> **Data extract**
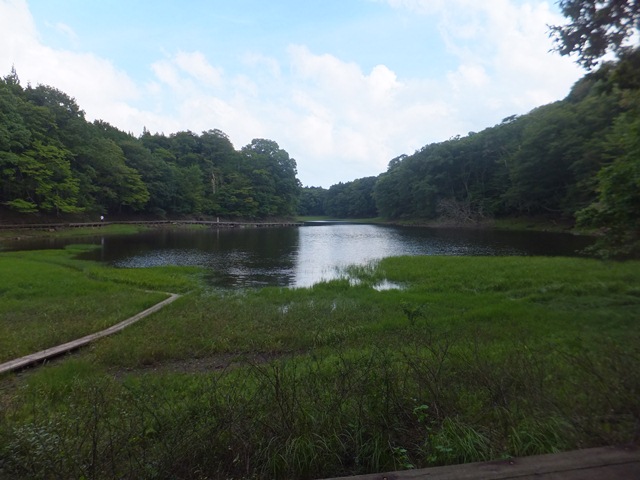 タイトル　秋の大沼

* * *

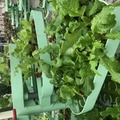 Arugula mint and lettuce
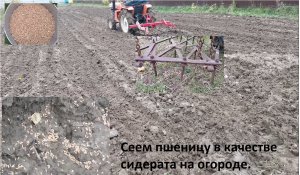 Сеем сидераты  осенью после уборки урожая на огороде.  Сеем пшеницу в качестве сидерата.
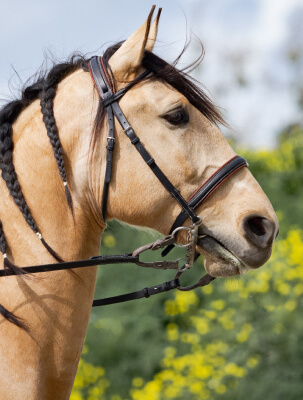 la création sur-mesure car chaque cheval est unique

> **Work required**
What is needed is an exact copy of only the lines above from the one with "в качестве сидерата." to the one with "la création sur-mesure", both kept, with every picture left out.

> **Solved exercise**
 Сеем сидераты  осенью после уборки урожая на огороде.  Сеем пшеницу в качестве сидерата.
 la création sur-mesure car chaque cheval est unique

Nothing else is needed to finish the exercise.